Berkeley received a Hazard Mitigation Grant of $1.2 million from the Federal Emergency Management Agency, or FEMA, and the California Governor’s Office of Emergency Services to retrofit certain types of unstable buildings in order to reduce the risk of damage caused by earthquakes. The program will compensate owners for a percentage of the retrofit costs, according to a fact sheet from the city of Berkeley.
According to the sheet, the grant will focus on renovations for four types of commercial and multifamily residential buildings, including buildings with nonductile concrete, tilt-up, soft story and unreinforced masonry.
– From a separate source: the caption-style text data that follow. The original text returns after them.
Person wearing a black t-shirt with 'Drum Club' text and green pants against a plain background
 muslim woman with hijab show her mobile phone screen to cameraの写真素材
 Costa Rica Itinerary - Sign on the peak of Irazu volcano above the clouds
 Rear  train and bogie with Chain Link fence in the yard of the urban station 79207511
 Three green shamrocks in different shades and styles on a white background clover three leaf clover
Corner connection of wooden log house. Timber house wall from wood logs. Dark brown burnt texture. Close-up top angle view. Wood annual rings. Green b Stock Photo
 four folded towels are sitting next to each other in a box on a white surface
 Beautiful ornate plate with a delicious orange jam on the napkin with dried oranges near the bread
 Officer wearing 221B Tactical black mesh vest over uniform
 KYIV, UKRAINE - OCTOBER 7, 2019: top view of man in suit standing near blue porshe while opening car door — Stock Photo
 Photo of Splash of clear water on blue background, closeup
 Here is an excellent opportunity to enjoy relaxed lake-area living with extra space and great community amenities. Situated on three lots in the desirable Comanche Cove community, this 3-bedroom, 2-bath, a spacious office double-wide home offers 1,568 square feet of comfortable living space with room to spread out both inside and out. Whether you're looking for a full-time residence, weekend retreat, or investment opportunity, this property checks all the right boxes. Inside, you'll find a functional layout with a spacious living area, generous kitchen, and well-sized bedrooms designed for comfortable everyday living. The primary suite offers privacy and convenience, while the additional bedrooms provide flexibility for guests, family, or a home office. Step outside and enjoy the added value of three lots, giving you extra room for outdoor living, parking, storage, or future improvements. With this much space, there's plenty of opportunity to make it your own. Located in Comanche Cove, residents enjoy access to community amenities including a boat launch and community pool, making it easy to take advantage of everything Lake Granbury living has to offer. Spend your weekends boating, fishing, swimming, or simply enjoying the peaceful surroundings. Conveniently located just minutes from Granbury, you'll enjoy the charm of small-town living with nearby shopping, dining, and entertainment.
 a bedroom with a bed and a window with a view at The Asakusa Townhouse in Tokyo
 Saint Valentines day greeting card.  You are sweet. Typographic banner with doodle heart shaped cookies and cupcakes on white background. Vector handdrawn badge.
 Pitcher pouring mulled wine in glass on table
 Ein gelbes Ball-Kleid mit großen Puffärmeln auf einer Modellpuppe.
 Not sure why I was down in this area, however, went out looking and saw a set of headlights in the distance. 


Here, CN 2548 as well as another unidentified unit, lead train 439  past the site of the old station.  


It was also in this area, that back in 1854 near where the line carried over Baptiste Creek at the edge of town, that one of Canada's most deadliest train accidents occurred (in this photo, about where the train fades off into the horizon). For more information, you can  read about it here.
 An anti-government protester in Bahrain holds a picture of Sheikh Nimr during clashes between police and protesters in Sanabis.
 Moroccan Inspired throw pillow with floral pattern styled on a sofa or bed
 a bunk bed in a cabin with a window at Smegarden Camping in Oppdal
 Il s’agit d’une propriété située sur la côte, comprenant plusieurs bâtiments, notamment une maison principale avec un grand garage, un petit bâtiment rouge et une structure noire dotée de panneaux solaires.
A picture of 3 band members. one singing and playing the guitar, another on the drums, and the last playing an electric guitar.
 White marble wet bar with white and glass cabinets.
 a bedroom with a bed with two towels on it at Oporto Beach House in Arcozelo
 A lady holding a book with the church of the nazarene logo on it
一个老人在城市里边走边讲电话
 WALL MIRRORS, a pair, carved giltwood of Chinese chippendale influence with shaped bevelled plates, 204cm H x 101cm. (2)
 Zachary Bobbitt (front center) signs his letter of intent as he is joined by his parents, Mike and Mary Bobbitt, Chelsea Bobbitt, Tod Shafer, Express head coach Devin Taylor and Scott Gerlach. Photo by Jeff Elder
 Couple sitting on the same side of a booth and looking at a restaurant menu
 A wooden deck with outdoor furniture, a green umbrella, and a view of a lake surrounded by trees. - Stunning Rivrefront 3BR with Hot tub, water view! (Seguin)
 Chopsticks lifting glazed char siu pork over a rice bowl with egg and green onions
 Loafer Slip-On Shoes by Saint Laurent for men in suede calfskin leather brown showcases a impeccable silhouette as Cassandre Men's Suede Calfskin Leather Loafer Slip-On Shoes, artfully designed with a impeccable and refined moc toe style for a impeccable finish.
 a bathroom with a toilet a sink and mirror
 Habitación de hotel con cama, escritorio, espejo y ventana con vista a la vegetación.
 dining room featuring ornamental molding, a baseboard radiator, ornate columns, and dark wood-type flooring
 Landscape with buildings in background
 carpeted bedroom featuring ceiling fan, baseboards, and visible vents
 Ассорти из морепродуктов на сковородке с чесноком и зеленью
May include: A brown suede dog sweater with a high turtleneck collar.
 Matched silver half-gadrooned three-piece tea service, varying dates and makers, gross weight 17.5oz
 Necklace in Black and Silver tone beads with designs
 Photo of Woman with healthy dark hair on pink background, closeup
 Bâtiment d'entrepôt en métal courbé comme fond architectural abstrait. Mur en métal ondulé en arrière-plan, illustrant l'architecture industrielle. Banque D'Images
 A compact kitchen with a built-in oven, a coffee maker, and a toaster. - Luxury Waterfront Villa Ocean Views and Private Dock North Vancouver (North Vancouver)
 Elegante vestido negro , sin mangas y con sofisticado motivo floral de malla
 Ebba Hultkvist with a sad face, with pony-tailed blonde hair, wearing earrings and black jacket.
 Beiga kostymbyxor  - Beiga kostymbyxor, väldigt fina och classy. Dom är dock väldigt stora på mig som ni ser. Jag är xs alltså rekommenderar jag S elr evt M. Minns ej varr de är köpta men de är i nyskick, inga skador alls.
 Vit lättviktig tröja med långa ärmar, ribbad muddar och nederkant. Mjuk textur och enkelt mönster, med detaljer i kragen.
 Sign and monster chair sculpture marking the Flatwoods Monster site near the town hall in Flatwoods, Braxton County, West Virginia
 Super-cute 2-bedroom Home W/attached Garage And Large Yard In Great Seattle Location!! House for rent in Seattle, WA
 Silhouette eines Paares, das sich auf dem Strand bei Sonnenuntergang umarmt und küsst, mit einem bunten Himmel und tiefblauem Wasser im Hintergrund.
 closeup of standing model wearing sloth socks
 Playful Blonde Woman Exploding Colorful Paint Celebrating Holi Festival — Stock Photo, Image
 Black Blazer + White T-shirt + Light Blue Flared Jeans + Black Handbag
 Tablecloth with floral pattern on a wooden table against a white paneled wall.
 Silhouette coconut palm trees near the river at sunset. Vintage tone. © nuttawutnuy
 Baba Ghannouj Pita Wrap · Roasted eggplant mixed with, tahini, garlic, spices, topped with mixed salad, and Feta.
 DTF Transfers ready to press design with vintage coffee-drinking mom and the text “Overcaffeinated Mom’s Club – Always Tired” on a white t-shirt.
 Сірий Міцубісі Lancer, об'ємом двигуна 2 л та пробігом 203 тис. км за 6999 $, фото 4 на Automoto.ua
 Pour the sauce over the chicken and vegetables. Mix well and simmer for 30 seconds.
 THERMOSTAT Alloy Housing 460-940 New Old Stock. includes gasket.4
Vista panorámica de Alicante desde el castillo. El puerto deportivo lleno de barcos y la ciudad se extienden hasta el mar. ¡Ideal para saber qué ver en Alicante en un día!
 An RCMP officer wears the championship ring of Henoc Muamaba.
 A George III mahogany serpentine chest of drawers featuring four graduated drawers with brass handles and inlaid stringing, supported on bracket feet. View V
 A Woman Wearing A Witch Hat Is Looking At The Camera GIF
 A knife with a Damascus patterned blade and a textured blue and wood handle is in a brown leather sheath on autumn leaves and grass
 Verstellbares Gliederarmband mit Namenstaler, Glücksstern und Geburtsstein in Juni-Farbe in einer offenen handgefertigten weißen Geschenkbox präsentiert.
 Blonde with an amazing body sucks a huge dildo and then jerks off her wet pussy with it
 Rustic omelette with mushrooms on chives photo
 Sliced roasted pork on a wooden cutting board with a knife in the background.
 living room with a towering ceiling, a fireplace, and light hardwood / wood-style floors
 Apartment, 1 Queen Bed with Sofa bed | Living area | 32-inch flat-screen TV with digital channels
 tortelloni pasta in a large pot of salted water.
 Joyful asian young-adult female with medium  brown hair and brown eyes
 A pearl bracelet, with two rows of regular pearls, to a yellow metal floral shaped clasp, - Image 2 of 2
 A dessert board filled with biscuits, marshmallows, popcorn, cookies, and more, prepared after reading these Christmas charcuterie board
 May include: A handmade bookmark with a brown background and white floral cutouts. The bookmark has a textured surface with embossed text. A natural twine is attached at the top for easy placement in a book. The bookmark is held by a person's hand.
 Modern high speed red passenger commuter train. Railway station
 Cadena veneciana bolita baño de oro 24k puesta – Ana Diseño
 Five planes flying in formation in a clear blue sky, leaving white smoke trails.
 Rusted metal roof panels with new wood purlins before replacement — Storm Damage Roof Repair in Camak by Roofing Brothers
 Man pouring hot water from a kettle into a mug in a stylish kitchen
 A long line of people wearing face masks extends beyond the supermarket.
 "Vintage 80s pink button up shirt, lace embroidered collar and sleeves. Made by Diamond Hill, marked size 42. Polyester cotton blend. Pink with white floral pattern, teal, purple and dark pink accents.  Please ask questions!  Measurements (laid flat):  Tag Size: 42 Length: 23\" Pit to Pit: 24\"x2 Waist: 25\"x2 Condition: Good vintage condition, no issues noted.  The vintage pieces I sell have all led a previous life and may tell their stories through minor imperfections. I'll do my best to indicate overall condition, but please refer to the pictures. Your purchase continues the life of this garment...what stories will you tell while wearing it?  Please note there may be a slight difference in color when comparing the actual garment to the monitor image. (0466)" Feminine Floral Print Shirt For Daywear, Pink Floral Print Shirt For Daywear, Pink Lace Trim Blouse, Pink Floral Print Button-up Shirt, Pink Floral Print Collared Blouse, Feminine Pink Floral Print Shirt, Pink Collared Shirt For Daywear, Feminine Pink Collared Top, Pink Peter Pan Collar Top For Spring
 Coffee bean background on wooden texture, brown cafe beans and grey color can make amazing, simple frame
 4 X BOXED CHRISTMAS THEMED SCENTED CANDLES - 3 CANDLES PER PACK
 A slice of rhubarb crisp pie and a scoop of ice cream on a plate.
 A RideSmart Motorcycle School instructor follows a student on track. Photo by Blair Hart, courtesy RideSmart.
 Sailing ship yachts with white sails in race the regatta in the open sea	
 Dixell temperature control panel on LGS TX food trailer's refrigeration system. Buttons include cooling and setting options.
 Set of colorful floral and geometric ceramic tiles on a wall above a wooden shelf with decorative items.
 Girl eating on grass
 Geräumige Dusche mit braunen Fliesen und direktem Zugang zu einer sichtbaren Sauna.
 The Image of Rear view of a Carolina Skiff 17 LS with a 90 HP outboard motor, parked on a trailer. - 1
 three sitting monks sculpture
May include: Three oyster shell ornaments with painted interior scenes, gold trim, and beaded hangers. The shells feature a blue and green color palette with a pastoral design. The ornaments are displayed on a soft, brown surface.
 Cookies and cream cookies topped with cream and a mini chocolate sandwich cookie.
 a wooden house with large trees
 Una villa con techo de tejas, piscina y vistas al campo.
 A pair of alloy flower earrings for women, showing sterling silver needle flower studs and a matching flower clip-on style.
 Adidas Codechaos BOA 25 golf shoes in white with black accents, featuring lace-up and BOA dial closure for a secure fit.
This grant, however, does not include funding for single-family homes or duplexes.
“Some of our other efforts were focused on homeowners,” said Berkeley City Councilmember Kriss Worthington. “I want homeowners to be safe, but I’m really worried about people living in apartments.”
City spokesperson Matthai Chakko said the grant will pay for up to 75 percent of the design cost and 40 percent of construction cost, but the actual amount will vary for each building.
Chakko stated that the city tries to be proactive in retrofitting buildings. He added that the program is the first of its kind in California.
“We live in a city where earthquakes are always a potential hazard, so we’re always looking for ways to increase the safety of structures, especially homes and other buildings,” Chakko said.
The application deadline for the grant is Monday. Late applications will be accepted until July 11, although they will have a lower priority.
The city may cap grants for concrete or rigid wall-flexible diaphragm buildings at 40 percent of construction cost or place applicants on a waiting list if there are more applications than can be funded, according to the fact sheet.
“For years we’ve been encouraging people to do seismic retrofits, but some people were having a really hard time because some of the owners are building-rich but cash-poor,” Worthington said.
Grants will be paid as reimbursements for design and construction costs for seismic retrofits. The city will notify owners by August 7 via email about the status of their design grant, as well as tentative construction grant award level, according to the fact sheet. Both will be subject to FEMA review.
Worthington estimated that the last retrofit grant reached approximately 400 apartments, from which about 1,000 people benefited.
“To get 400 apartments all done through one program is a huge victory,” Worthington said. “And we have the same amount of money this time, so we might be able to get another 400 units done.”